Dr. Shevenell was born and raised in Saco, Maine, and earned a bachelor's degree in biology in 1947 from St. Michael's College in Burlington, Vt. After serving in the Army at a medical laboratory at Edgewood Arsenal, he enrolled in dental school at the University of Maryland and graduated from there in 1957 with scholastic honors.
He began practicing in Annapolis with Dr. Victor Leocha and in 1972 established a practice in west Annapolis.
"He took care of three or four generations of patients from the same family. He was a kind, caring and a great dentist. That's why patients stayed and why we wanted to work with him all those years," Mrs. Hayes said.
"I moved here from Altoona, Pa., in 1962 and he was recommended to us. He became like a brother to me," said Abraham S. Brown, whose family members remained patients until Dr. Shevenell retired in 2001. "One Sunday afternoon my grandmother was visiting and had a problem with her bridge. She was told if they ever broke them, they couldn't be repaired. We called Joe, he fixed them that afternoon, and they lasted until her death several years later."
Dr. Shevenell also volunteered much time and energy to various dental organizations. For more than 20 years, he was a participating member of Donated Dental Service Program, which provided dental care for the needy. "He'd take care of the elderly and the clergy and never think of sending a bill," his daughter said.

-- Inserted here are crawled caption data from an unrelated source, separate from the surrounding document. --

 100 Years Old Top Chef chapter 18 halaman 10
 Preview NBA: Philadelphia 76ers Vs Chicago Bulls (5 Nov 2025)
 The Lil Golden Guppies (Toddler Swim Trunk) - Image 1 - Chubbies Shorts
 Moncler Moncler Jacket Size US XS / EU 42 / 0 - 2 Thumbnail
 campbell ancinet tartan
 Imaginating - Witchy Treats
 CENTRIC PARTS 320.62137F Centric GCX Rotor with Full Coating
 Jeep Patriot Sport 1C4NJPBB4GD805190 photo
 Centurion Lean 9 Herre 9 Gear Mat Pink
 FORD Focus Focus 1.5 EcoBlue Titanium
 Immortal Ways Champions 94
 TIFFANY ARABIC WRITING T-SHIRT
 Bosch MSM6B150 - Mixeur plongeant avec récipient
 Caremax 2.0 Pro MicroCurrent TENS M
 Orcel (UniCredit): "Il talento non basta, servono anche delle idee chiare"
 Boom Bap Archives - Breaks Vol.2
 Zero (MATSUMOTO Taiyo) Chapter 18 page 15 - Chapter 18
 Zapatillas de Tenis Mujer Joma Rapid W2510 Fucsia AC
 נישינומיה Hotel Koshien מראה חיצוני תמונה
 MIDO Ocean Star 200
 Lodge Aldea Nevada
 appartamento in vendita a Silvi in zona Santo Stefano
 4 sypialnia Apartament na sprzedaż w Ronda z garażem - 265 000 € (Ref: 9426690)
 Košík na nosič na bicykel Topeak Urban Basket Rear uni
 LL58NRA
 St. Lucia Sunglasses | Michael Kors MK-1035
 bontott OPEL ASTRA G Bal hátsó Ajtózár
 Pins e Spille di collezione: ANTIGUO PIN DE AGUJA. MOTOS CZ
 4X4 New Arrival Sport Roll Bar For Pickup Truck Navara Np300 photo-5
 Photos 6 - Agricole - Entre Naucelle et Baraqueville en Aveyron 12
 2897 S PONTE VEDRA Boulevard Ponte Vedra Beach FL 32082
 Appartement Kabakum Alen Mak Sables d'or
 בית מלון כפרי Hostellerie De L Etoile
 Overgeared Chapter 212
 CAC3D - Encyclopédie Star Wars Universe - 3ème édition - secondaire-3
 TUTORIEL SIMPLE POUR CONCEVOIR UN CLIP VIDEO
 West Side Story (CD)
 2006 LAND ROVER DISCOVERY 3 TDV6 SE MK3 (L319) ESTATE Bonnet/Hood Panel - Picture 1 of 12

Dr. Shevenell had held positions with many dental organizations, including the Maryland Dental Services Corp., American Dental Association, Maryland State Dental Association and the Anne Arundel County Dental Association.
As a scoutmaster for Boy Scout Troop 366, 13 of the boys attained the rank of Eagle Scout. He also was a former member of the Annapolis Planning and Zoning Commission.
Dr. Shevenell also was a longtime active member of the Admiral Heights Improvement Association, and the Elks and Lions Club. He enjoyed wood carving, hunting and fishing. For many years, he traveled to Alaska to go salmon fishing.
A memorial Mass will be offered today at St. Mary Roman Catholic Church, 109 Duke of Gloucester St., Annapolis.
In addition to his daughter, Dr. Shevenell is survived by his wife of 52 years, the former Jane Cooke; two sons, Joseph R. Shevenell and Michael J. Shevenell, both of Annapolis; and five grandchildren.